Why not just buy another? I just bought a brand new one two months ago. If you got years of good service out of it, you could just purchase a fresh one. I didn't want motorized faders, I did want 100mm long-throw faders and not 60mm ones. The JL Cooper fit the bill perfectly.


----------



## AlexRuger (Dec 10, 2016)

Nathanael Iversen said:


> Why not just buy another? I just bought a brand new one two months ago. If you got years of good service out of it, you could just purchase a fresh one. I didn't want motorized faders, I did want 100mm long-throw faders and not 60mm ones. The JL Cooper fit the bill perfectly.


New ones are just insanely over-priced, and they don't feel nearly as good as the old ones. The new ones have a blue diamond to the left of the faders, and the older ones have a white one. I find the faders on the new ones to be no better than most other control surfaces out there, so there's no reason to drop, like, a grand on them.


----------



## Gerhard Westphalen (Dec 10, 2016)

What DAW are you using? Most of the time touch sensitive and motorized faders are useless for midi CC unless you're using it as automation data. Because of that, I'd consider just getting a BCF2000 and saving a couple of hundred dollars. If you're using it for automation then I'd consider the X-touch but I don't think it can follow your track selection since it's mackie control so I'd get a single Faderport instead for that. I use a BCF2000 and a Faderport and it's great.


----------



## AlexRuger (Dec 10, 2016)

Cubase, and yes I'm worried about that.
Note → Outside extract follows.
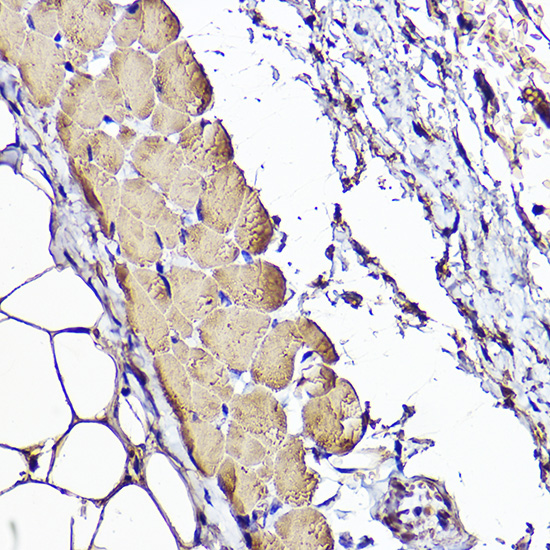 ACTC1 Rabbit polyclonal antibody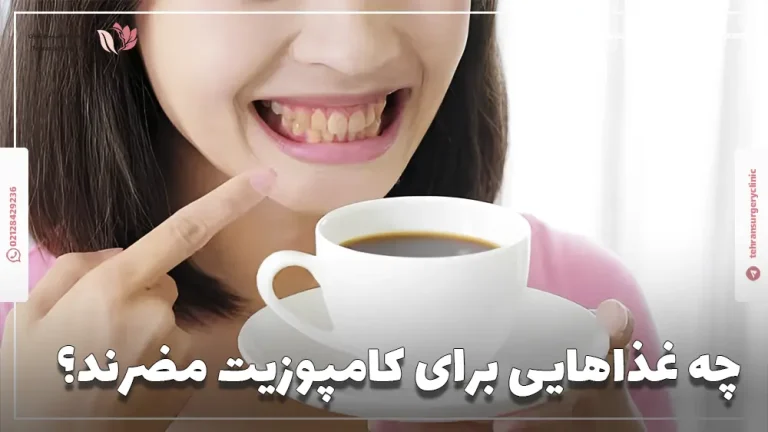 چه غذاهایی برای کامپوزیت مضرند؟ 8 غذای ممنوعه کامپوزیت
I've asked around and haven't gotten a clear answer as to whether the motors on the X-Touch are disengaged while using it with the piano roll. 

I used to own a BCF2000 and that thing drove me crazy. Never again, hated that unit with a passion.

I'm probably going with an Icon Platform M, but I'm considering going with an SSL Nucleus and setting it all up with the Generic Remote. Could have a few faders for MIDI CC and a few for fader riding.


----------



## Gerhard Westphalen (Dec 10, 2016)

As a generic remote you can't get touch sensitivity so having faders there is pretty useless for working with automation. You either need a mackie emulation or a device with it's own setup (like the Faderport) to have touch sensitivity. 

What didn't you like about the BCF2000? The X-touch will do the exact same thing if you're using it for midi cc. Aside from it not being the greatest thing to look at, I've never had issues with it.


----------



## AlexRuger (Dec 10, 2016)

I hated the sound of the motors, and because it wasn't touch sensitive, the motors never shut off and would constantly fight me when doing CC's.

Yeah, I know that I'll lose out on touch sensitivity if I set it up through the generic remote, but using the R and T flags I'll at least be able to specify fader movement in the faders I'll use for fader rides instead of CC's. That'd be a cool way of splitting up a control surface. That's only with the SSL Nucleus that I'd do that with, though.

But, now that I think about it, losing out on touch sensitivity with motorized faders would give me the same problem I had with the BCF2000. Sigh...


----------



## Gerhard Westphalen (Dec 11, 2016)

If you were using the BCF2000 as a midi controller it wouldn't have the motors running. Midi CC's don't get sent back out in Cubase unless you're using it as automation data. It's been years since the motors on mine got any use (when I tried having it in Mackie emulation).

I'd say either use a control surface in it's native/mackie emulation mode or forget about motors or touch sensitivity as they're pretty well useless. You need to decide whether you want to use this for CC or everything else and make your decision accordingly. Unless you're going to "hack" a control surface like the Eucons similar to what Trevor Morris did, you can't get both in 1 control surface. Nothing that I know of lets you toggle between native support with touch sensitivity and midi control straight out of the box.


----------



## Ashermusic (Dec 11, 2016)

[QUOTE="Gerhard Westphalen, post: 4028036, member: 9286" Nothing that I know of lets you toggle between native support with touch sensitivity and midi control straight out of the box.[/QUOTE]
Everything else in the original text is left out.